Trata-se de uma relação de influências recíprocas, segundo o postulado da coerência: a capacidade contributiva melhor concretiza a praticabilidade no Direito Tributário, ou melhor, torna mais apurada a execução da própria tributação, e somente se realiza através das vias da praticidade, pois sem ela, nenhuma norma se concretiza. Não há que se falar em praticidade sem observância da capacidade contributiva, e vice-versa. Deve-se compreender o princípio da capacidade contributiva sempre como um dos reflexos da igualdade no âmbito do Direito Tributário e, portanto, enquanto proposição que carrega em si a carga valorativa da isonomia, de modo a realizá-la através de uma relação recíproca de definição.

Do mesmo modo, é necessário considerar a relação do princípio da capacidade contributiva, enquanto norma fundante, e o subprincípio do favorecimento das microempresas e empresas de pequeno porte, este diminuindo a abertura semântica daquele e absorvendo seus fins, proporcionando maior eficácia à proposição da isonomia material no âmbito do Direito Tributário.

Efetivamente, observado sob o prisma da tributação, o favorecimento às micro e pequenas empresas, é um desdobramento lógico do respeito às suas capacidades contributivas. A premissa da qual parte a capacidade contributiva é a mesma premissa da qual o favorecimento tributário às micro e pequenas empresas surgem, qual seja, a isonomia material. Esta ligação reforça a coerência, e, consequentemente a eficácia da proposição de igualdade, uma vez que a pretensão de eficácia implica a sistematização substancial.

A existência de elementos comuns entre as proposições cria links entre elas, que permitem uma melhor troca de informações e, consequentemente, uma elevação da eficácia do ponto de intersecção (a isonomia material), pois este estará a partir dos seus desdobramentos normativos (as proposições com elementos comuns) se objetivando e potencializando sua capacidade de fundamentação de futuras decisões.

O princípio do favorecimento às microempresas e empresas de pequeno porte, por sua vez, devem ser observados no intuito de se destacar a sua função bloqueadora sobre as regras atinentes à substituição tributária das micro e pequenas empresas aderentes ao Simples Nacional, uma vez que estas contrariam os fins pretendidos por aquele princípio.

Do privilégio constitucional dado às microempresas e empresas de pequeno porte, decorre o tratamento tributário simplificado dispensado na Lei Complementar nº 123/2006, que é frontalmente contrariado pelo regime de substituição tributária aplicado às microempresas e empresas de pequeno porte.

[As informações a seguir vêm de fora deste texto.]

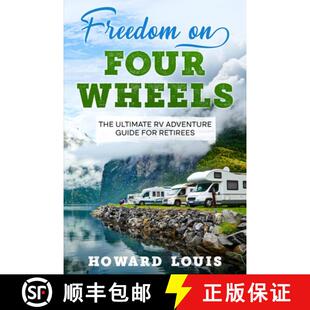The Freedom for 9781456650810 Guide Four 4周达 Ultimate Wheels Retirees Adventure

Ainda que não houvesse nenhum desdobramento legal do princípio do favorecimento às micro e pequenas empresas, este, junto ao princípio da capacidade contributiva, poderiam ser avocados sem qualquer intermediário a fim de possibilitar o efetivo tratamento diferenciado às microempresas e empresas de pequeno porte através da função eficacial integrativa dos princípios jurídicos. A ligação direta do princípio da praticidade tributária e as regras de substituição tributária concernentes às microempresas e empresas de pequeno porte, ou seja, a fundamentação destas regras com base naquele princípio, sem a observância intermediária da capacidade contributiva e do favorecimento às microempresas e empresas de pequeno porte, configura uma distorção da praticabilidade no Direito Tributário. Este é amesquinhado através desse atalho, dada a incoerência que se instaura no sistema e causa a perda de eficiência não somente da praticidade que poderia ser garantida através da observância daqueles outros princípios constitucionais, mas também a perda da eficiência destes, pois seus desdobramentos legais (o regime privilegiado de arrecadação de tributos das micro e pequenas empresas) são anulados pelo regime da substituição tributária utilizado inadequadamente.

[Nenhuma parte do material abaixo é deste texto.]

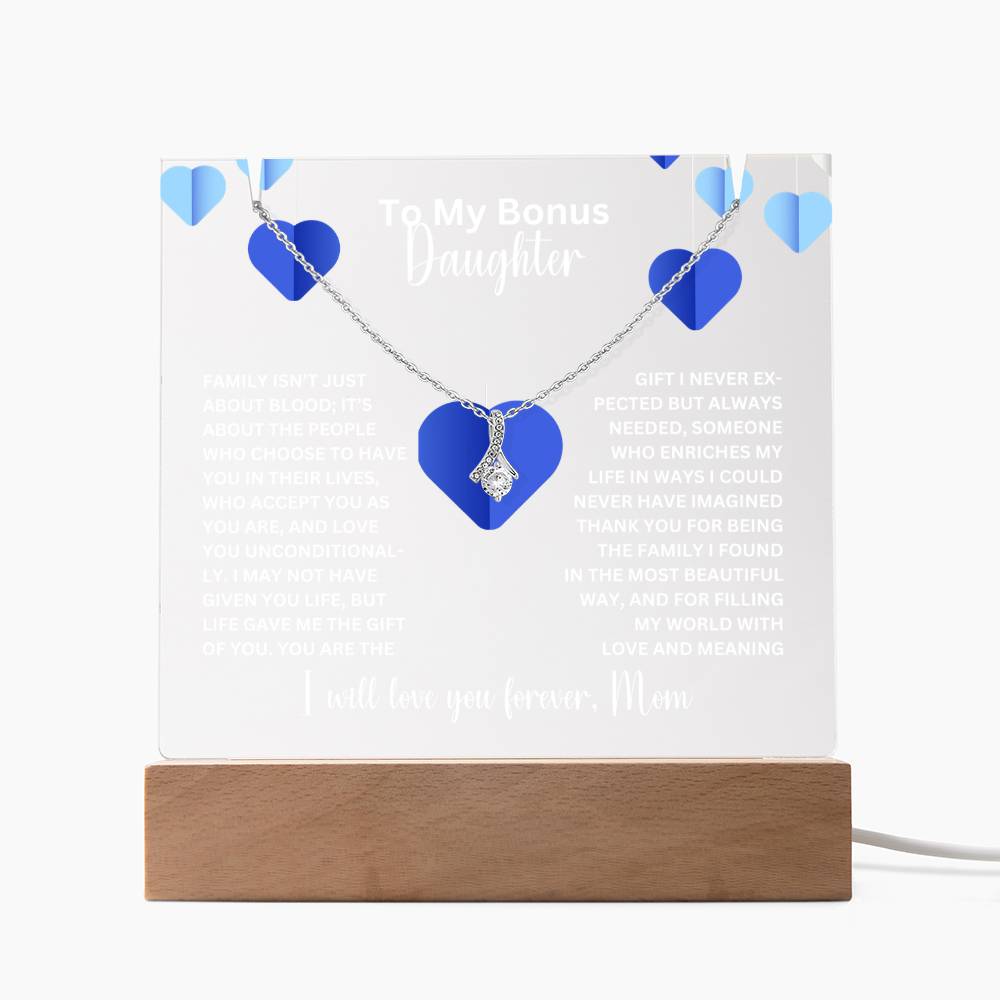 To My Bonus Daughter- Personalized  Keepsake  Acrylic and Alluring Necklace 70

A incoerência decorre exatamente da não apreciação dos princípios que garantem uma cobrança moderada e consequentemente uma arrecadação legítima que permita aos contribuintes realizarem o recolhimento ao Fisco de valores que não exorbitem as suas capacidades de contribuir para os rendimentos públicos. Apesar de a função eficacial de trincheira das regras atinentes ao regime da substituição tributária exigir razões extraordinárias que justifiquem a supressão das mesmas, o que poderia ser satisfeito através do raciocínio aqui traçado acerca da coerência do sistema, deve-se observar, ainda, que tal função intrínseca às regras somente tem utilidade perante normas de mesmo nível hierárquico. Desse modo, tem-se que as regras legais acerca da substituição tributária, quando postas em contrariedade a disposições constitucionais, deverão ser suprimidas do sistema, em prol da supremacia dos valores constitucionalizados e da integridade do ordenamento jurídico. Vale ressaltar que não há conflito de princípios no caso em questão, pois a praticidade tributária que supostamente validaria diretamente a substituição tributária no caso aqui estudado é a mesma praticidade que age indiretamente sobre as regras de simplificação das obrigações tributárias das microempresas e empresas de pequeno porte. A praticidade, como já dito anteriormente, é um princípio decorrente da lógica jurídica, que não guarda em si um valor substancial tal como os princípios jurídico-dogmáticos. A praticidade é uma exigência para a própria existência do Direito. A aplicação das regras de substituição tributária às micro e pequenas empresas não são fundamentadas por nenhum axioma constitucional, são meramente produtos da arbitrariedade, enquanto a aplicação das regras atinentes ao Simples Nacional são exaustivamente justificadas pelo arcabouço valorativo insculpido na Constituição Federal.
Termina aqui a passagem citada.